## Task statement
After locating the line with "BMW Z4 sDrive", set down that line and all the lines that follow it, unchanged, to the end of the records; omit the pictures.

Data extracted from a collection
=== Begin Enclosure ===

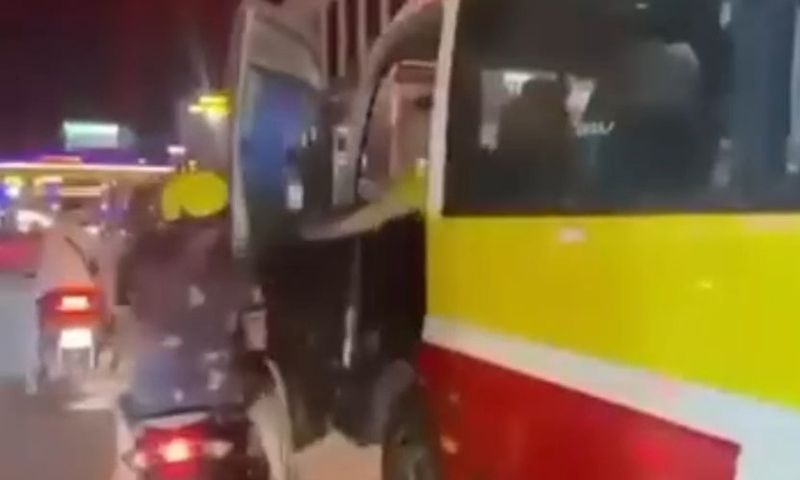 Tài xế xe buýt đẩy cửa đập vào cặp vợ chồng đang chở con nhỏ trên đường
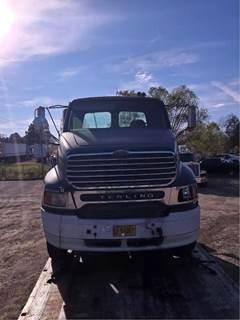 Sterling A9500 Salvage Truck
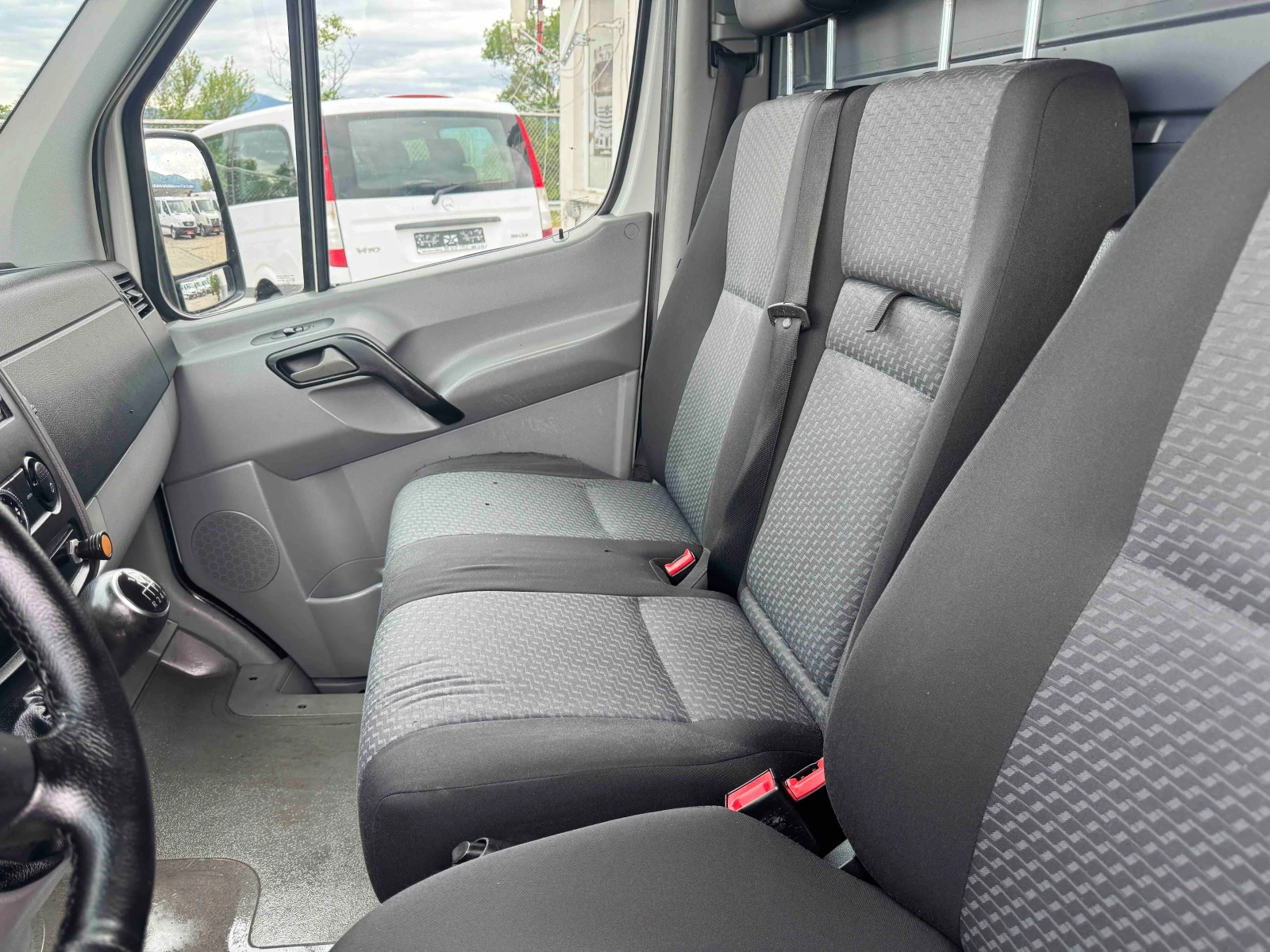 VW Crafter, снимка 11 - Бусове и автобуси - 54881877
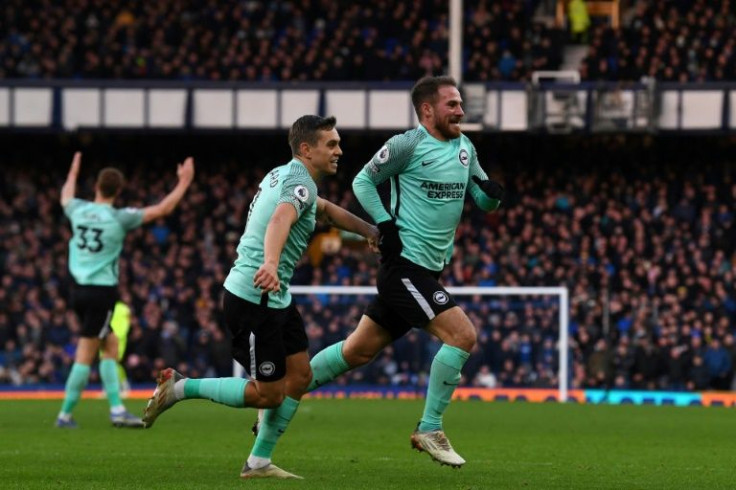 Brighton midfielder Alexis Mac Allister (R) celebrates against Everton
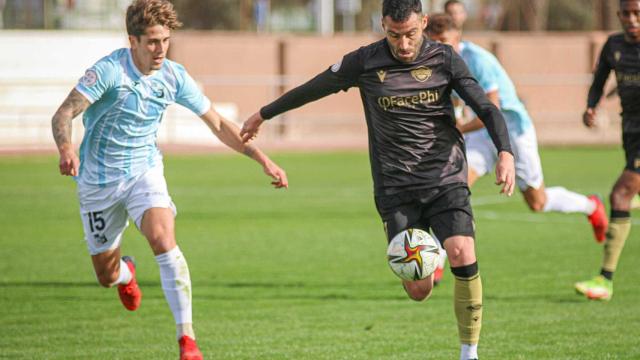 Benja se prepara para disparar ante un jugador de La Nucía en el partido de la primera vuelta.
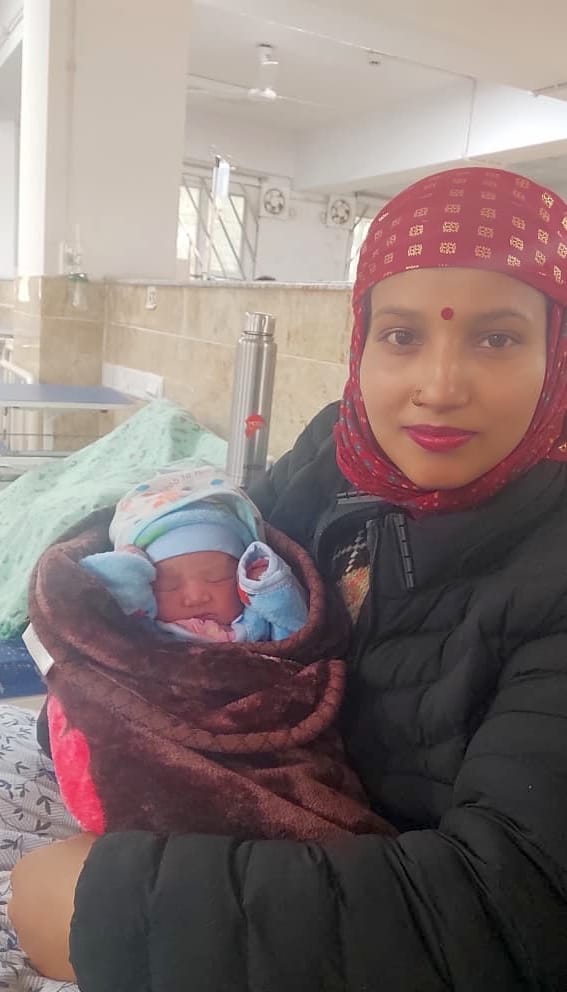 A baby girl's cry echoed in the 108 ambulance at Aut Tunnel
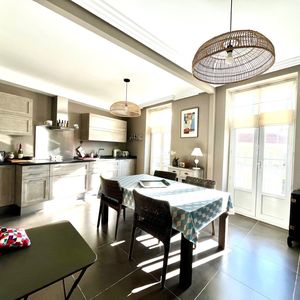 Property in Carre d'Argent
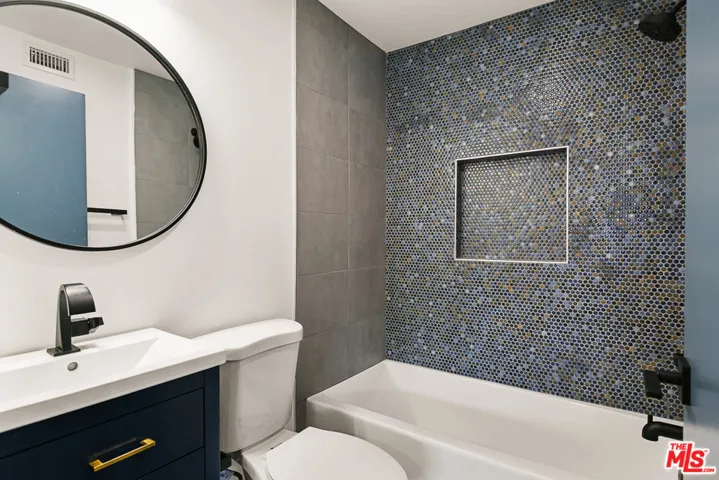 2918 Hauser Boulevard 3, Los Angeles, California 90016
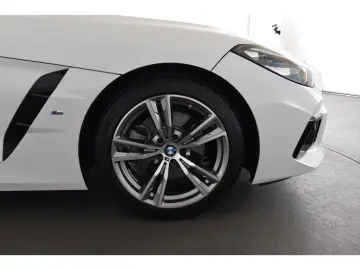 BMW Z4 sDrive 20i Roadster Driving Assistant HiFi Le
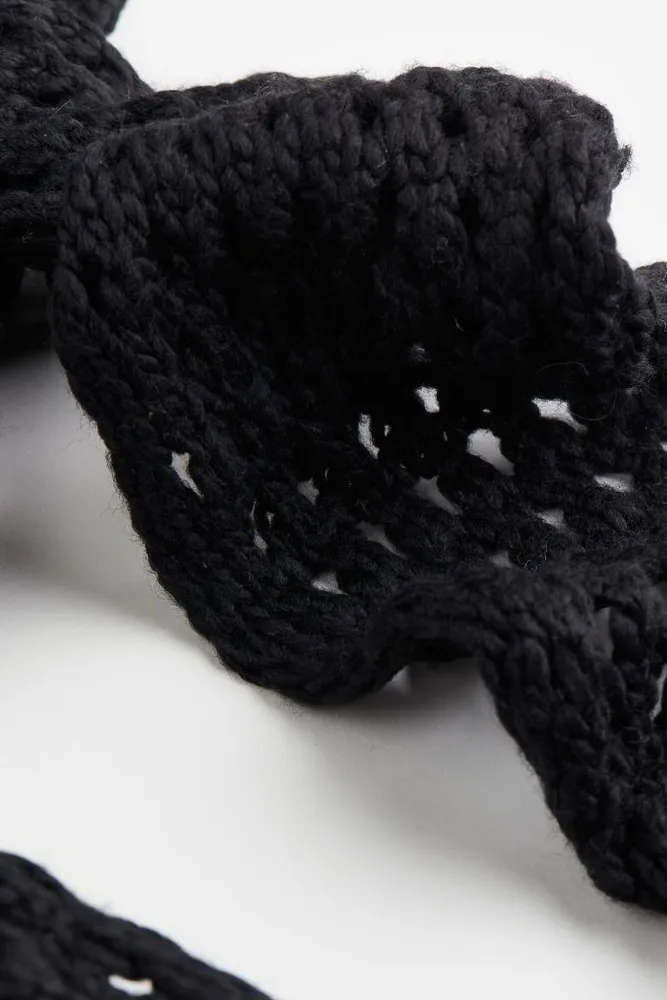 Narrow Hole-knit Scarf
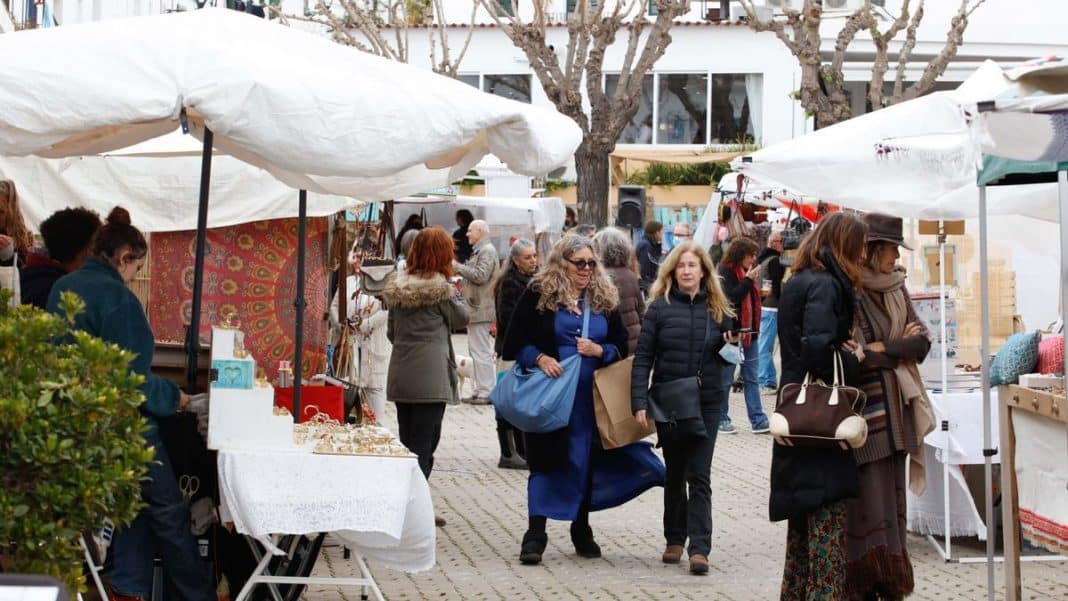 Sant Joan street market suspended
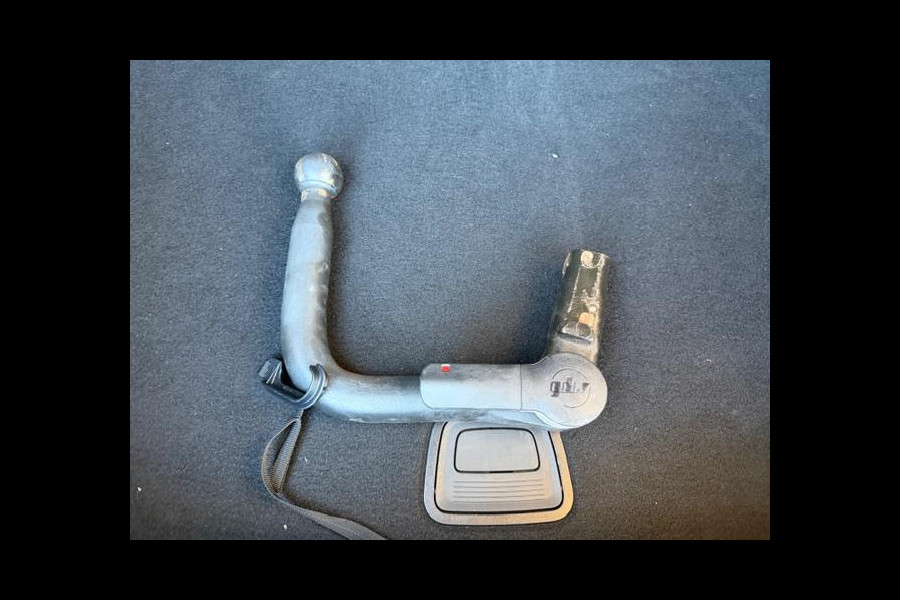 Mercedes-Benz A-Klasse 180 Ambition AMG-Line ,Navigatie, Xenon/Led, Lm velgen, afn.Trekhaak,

=== End Enclosure ===

## Solution for this exercise
 BMW Z4 sDrive 20i Roadster Driving Assistant HiFi Le
 Narrow Hole-knit Scarf
 Sant Joan street market suspended
 Mercedes-Benz A-Klasse 180 Ambition AMG-Line ,Navigatie, Xenon/Led, Lm velgen, afn.Trekhaak,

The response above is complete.